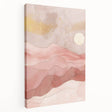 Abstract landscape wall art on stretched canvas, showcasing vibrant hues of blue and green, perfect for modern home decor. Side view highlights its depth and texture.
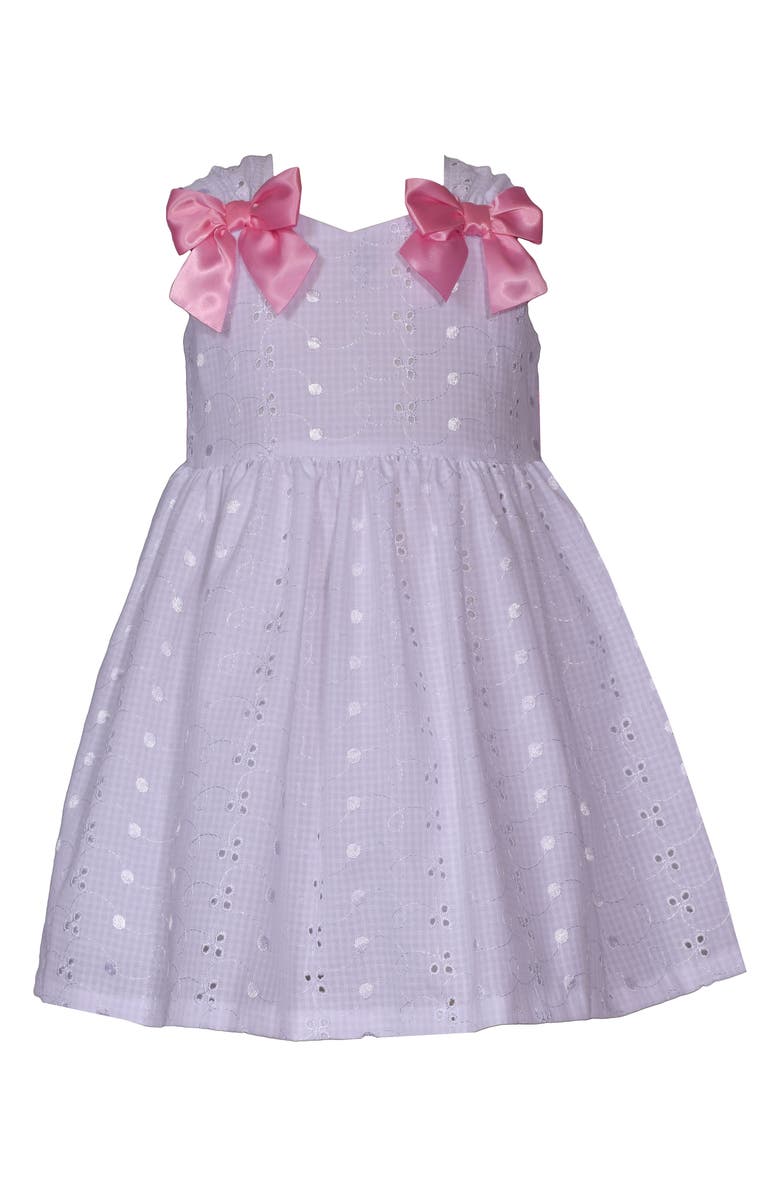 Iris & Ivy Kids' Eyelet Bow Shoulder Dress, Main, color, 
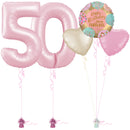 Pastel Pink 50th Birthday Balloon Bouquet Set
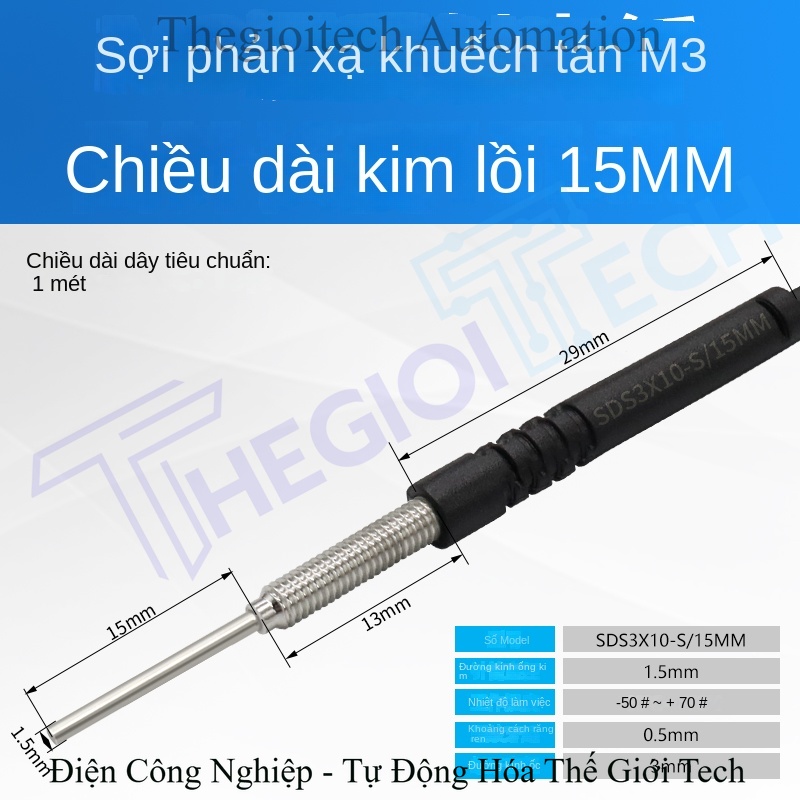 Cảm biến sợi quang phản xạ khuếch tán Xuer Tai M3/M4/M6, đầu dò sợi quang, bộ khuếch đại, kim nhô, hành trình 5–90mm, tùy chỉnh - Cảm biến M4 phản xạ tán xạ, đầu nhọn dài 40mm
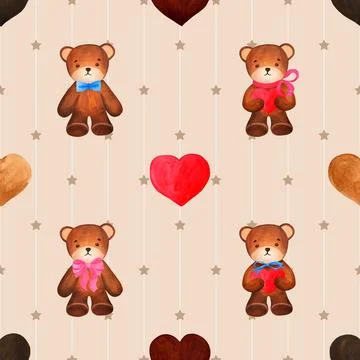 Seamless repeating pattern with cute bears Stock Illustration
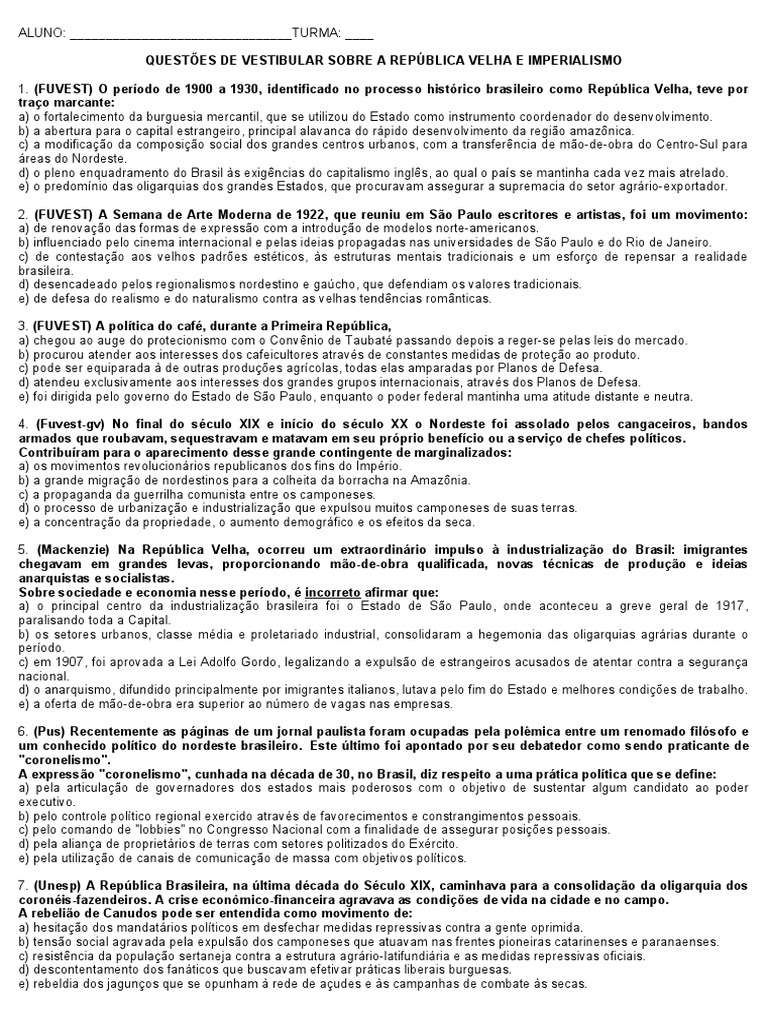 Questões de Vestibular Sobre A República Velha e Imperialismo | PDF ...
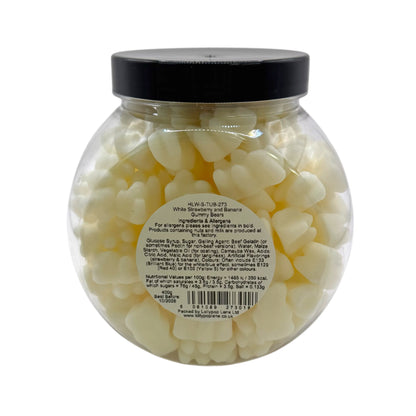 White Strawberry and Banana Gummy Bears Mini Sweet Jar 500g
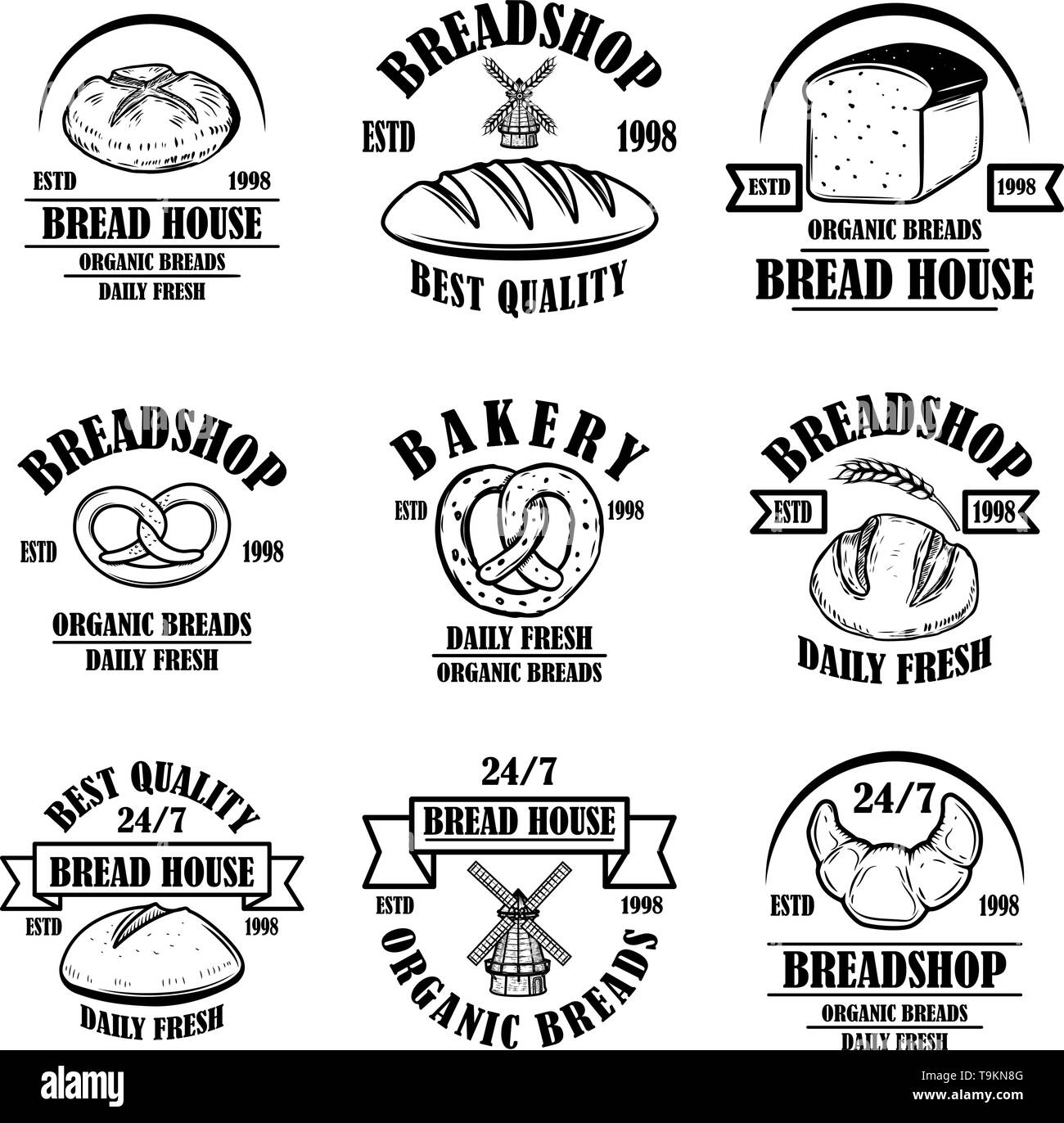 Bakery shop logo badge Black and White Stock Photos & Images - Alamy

■ ■ ■ ■

▶ [Problem to solve]: In your reply, please print exactly the lines from the one with "Iris & Ivy Kids'" through the final line of the listing above, both included, and no pictures.

▶ [Exercise response]:
 Iris & Ivy Kids' Eyelet Bow Shoulder Dress, Main, color, 
 Pastel Pink 50th Birthday Balloon Bouquet Set
 Cảm biến sợi quang phản xạ khuếch tán Xuer Tai M3/M4/M6, đầu dò sợi quang, bộ khuếch đại, kim nhô, hành trình 5–90mm, tùy chỉnh - Cảm biến M4 phản xạ tán xạ, đầu nhọn dài 40mm
 Seamless repeating pattern with cute bears Stock Illustration
 Questões de Vestibular Sobre A República Velha e Imperialismo | PDF ...
 White Strawberry and Banana Gummy Bears Mini Sweet Jar 500g
 Bakery shop logo badge Black and White Stock Photos & Images - Alamy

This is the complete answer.